Turns out it was less of a race condition and more of a scope problem. If the async function was called, its use of SSB would override the global SSB object in use by ssb-browser-core and would set it to null. We still need to fix the problem of ssb-browser-core using an SSB global, but this at least works around that in the meantime.

KyleMaas commented 3 years ago

There. I like that a lot better. Made me a little nervous having setTimeout()s all over the place referencing all kinds of stuff which would prevent proper garbage collection and would keep running code in the background for stuff we no longer cared about.

This works pretty well for me now, even in a second tab opened via center click. Things it doesn't do:

  1. ~Catch right-click properly to prevent people from right-clicking a link and opening in a new tab. As it is right now, if a user did that, the second tab won't have an opener and will just footgun to prevent problems.~ (Done)
  2. ~Center-clicking to open new tabs works. Center-clicking from those tabs works. Closing the windows sequentially works. But closing a window in the middle of that sequence will footgun windows opened from that one due to them only crawling upwards for openers. Similarly, if you open two windows from a parent and then close the parent, the second child window will footgun because it was opened later than the first child window and will yield the mutex to it. I'd like to have a shared array of references to other open windows so you could open and close them in any order without any of them footgunning. But that can happen later.~ (Done)

That said, even without those two things, this is pretty functional. What do you think?

arj03 commented 3 years ago

I'll review the code now. Will do a little refactor as well

arj03 commented 3 years ago

Been reading the diff. Looks good. I only had those 2 comments. I pushed up a minor refactor to make the api a bit easier to use. I'm one of those people that use right click open more than middle click so would be really nice to have that fixed as well. I have been testing this and it seems to be working quite well with the locking etc.

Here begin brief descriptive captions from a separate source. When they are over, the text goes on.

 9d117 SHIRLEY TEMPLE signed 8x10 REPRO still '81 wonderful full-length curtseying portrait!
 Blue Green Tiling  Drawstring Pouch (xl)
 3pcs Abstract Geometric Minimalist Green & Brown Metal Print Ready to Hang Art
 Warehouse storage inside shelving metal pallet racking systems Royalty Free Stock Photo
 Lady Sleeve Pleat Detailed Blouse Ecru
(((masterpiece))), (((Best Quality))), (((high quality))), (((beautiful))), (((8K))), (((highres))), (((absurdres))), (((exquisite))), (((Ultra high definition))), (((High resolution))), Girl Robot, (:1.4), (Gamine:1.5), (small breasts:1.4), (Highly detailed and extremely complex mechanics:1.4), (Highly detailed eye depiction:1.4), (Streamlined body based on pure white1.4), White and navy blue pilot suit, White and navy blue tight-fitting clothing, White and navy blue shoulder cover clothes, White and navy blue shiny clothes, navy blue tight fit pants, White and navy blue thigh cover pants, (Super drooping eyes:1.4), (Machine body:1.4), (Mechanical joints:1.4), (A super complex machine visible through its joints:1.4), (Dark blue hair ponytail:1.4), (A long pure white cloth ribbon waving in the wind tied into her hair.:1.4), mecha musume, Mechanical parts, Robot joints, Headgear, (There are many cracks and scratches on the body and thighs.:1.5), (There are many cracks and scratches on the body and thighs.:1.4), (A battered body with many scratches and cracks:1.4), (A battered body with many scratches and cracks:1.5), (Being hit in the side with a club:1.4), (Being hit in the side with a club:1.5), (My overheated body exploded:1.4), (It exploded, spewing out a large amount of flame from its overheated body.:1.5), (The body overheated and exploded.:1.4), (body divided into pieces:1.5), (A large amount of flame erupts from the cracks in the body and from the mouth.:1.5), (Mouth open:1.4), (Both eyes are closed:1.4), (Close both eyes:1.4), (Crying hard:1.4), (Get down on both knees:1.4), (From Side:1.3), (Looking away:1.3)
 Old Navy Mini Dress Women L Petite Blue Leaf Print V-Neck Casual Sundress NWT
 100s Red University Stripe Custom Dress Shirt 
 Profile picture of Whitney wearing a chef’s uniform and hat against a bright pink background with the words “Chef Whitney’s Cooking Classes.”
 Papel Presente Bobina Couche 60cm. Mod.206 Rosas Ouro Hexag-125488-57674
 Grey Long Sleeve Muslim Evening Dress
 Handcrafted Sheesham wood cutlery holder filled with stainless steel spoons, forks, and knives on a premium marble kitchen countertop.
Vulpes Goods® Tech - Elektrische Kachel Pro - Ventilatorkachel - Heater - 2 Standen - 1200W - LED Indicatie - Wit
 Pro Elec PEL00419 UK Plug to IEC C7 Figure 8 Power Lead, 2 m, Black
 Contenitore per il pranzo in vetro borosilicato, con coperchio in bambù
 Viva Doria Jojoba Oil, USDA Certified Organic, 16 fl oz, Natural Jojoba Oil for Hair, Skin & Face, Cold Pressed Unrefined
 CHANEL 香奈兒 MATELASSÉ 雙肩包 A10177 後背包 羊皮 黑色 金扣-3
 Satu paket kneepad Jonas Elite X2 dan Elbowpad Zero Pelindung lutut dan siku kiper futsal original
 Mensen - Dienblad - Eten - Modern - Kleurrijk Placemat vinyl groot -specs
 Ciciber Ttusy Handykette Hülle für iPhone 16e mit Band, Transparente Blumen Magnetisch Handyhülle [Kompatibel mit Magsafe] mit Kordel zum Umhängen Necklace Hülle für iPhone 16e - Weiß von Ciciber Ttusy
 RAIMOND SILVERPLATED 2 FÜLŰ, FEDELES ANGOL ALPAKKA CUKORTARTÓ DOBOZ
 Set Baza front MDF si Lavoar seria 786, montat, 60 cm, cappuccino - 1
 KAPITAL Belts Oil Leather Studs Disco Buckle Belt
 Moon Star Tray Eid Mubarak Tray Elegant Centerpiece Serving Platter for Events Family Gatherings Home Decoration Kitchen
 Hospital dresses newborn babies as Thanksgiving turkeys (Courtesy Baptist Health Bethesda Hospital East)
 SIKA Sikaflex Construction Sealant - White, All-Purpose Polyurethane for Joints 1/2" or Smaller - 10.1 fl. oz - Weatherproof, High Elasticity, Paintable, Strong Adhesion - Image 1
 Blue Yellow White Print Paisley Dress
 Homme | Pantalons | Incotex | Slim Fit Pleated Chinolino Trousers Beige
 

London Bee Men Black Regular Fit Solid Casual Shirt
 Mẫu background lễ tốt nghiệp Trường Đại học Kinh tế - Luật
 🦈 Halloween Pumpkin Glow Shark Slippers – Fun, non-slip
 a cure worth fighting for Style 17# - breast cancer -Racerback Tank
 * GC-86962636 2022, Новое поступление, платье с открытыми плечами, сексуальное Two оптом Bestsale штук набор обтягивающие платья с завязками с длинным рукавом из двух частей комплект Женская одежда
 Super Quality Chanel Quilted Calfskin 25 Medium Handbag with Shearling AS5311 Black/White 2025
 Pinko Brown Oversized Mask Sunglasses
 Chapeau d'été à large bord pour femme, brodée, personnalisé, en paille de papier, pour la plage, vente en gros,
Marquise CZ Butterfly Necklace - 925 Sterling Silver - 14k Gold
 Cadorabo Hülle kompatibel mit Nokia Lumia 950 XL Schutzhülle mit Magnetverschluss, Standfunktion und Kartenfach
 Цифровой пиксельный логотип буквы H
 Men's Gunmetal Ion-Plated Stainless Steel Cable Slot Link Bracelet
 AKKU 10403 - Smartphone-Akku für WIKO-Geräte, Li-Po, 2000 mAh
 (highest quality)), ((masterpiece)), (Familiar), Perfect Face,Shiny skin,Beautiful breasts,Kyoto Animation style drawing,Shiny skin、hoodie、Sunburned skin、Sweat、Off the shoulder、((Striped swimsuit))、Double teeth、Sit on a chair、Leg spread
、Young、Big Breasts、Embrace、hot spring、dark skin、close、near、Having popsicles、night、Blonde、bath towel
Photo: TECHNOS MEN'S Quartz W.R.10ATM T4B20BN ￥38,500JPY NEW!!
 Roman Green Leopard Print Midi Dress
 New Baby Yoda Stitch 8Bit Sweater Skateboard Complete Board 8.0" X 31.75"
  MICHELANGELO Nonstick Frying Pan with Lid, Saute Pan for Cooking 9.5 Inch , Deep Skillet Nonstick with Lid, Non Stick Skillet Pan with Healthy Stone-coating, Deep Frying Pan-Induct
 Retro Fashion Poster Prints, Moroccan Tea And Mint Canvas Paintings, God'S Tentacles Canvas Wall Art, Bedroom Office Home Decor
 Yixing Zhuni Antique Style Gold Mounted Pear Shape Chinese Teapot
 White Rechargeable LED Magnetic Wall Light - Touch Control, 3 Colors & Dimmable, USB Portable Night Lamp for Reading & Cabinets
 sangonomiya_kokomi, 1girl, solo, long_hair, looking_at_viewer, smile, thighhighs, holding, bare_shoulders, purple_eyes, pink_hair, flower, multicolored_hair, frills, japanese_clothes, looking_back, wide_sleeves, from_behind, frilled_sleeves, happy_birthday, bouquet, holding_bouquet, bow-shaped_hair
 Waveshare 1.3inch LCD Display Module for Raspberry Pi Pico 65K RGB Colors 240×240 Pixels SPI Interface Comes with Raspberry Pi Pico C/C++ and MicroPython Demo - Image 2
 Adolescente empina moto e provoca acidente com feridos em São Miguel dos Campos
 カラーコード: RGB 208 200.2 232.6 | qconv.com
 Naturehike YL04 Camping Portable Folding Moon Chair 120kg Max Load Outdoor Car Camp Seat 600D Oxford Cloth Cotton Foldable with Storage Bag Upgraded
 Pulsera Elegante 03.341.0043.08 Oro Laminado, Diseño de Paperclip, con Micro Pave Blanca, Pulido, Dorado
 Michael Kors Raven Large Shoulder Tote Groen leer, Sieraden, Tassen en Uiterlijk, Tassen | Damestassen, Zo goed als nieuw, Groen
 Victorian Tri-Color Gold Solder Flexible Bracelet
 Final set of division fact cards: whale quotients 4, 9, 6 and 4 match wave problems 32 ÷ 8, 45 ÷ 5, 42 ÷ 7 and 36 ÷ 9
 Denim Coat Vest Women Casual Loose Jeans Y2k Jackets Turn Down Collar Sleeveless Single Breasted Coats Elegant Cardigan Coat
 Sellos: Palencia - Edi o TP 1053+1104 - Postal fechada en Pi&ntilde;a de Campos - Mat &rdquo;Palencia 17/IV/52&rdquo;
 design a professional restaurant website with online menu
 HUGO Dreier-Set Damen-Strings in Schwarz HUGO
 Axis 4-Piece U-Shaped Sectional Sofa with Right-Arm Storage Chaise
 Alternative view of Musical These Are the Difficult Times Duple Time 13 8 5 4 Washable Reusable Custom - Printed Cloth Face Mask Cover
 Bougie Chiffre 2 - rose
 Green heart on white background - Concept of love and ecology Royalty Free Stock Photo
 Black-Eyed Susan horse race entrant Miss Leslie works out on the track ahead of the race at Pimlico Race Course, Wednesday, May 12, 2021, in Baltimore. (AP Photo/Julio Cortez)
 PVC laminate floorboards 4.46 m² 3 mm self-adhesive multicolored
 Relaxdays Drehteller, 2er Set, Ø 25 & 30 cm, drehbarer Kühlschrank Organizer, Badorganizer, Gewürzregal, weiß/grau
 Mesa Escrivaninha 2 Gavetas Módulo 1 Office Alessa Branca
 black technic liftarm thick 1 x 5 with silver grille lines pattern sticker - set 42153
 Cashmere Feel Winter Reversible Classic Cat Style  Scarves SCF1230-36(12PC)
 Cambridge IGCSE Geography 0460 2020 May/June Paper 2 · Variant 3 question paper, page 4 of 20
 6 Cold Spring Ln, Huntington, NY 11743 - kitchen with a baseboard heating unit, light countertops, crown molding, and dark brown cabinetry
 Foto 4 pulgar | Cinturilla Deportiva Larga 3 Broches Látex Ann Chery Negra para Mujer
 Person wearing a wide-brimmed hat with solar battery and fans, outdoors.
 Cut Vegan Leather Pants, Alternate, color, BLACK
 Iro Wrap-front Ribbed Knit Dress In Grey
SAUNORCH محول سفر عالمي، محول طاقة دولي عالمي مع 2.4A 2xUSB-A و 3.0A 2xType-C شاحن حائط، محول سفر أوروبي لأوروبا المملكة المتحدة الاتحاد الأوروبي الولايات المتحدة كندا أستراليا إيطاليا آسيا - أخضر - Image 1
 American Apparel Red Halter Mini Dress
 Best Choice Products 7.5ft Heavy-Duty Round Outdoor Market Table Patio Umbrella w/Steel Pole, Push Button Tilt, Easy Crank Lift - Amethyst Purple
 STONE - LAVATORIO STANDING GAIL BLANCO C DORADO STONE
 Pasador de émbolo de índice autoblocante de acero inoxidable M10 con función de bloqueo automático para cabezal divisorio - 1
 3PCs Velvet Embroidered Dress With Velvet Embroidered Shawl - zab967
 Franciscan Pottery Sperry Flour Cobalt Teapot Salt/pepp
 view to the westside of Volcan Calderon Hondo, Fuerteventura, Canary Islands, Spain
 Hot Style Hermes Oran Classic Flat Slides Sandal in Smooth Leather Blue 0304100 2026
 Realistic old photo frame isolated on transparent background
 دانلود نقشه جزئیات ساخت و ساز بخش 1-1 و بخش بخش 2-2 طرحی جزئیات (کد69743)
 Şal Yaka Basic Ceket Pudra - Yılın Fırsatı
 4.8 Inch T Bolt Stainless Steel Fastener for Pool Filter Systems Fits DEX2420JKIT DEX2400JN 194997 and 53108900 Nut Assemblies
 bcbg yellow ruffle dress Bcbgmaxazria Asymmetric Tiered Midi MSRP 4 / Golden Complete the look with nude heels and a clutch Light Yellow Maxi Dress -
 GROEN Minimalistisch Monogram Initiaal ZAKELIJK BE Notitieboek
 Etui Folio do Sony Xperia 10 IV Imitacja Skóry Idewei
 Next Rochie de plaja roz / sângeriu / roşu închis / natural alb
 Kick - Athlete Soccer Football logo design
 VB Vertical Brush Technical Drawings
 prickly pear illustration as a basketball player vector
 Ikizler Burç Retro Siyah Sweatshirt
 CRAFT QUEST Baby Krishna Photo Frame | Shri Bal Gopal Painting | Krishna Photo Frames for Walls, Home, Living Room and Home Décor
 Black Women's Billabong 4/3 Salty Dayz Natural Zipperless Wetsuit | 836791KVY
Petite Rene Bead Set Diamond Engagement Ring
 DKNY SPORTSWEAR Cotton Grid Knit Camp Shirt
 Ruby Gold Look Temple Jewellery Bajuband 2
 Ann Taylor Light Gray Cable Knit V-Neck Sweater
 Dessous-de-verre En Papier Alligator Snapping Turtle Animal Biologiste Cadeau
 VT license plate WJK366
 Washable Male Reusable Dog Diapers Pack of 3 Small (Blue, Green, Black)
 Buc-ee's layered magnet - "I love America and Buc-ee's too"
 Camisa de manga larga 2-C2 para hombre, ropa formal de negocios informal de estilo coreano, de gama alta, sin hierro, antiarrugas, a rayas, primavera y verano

arj03 commented 3 years ago

Also I should probably say, this is really nice and quite a tricky one to get right, so great work so far! :)

KyleMaas commented 3 years ago

Thanks! Concurrency's a fascinating subject and exceedingly easy to get wrong. I'm more used to doing multiprocessing/multithreading in environments where you can have shared memory (either in the same process or system-wide), actual mutexes and semaphores, filesystem locking, critical sections, PID files, communications sockets that all your target platforms support (unlike such things as Broadcast Channels), etc. And I'm more used to doing it in projects where it was designed for it early on - client/server protocols for communicating with a daemon which holds the locks, for example. Doing this kind of thing entirely on the client side is a bit of an adventure for me.

KyleMaas commented 3 years ago

I think I'm actually pretty happy with that.

arj03 commented 3 years ago

Nice, will give it a test :-)

arj03 commented 3 years ago

If I control click on a link it doesn't work. Is that correct? I tried opening a thread using that. It works if I right click and say open in new tab.

KyleMaas commented 3 years ago

Having used a mouse with a center button for years, I didn't know that was a thing. But I should be able to catch that.

KyleMaas commented 3 years ago

See how that works for 'ya.

arj03 commented 3 years ago

That works. I think this is ready to go. I'll just remove the console.log. Do you have anything else you think we should do first?

KyleMaas commented 3 years ago

(Incidentally, the name of this pull request is no longer accurate. This goes way further than I was intending for the initial concurrency stuff.)

KyleMaas commented 3 years ago

Nope. I'm good. Go for it.

arj03 commented 3 years ago

Basic protection :-)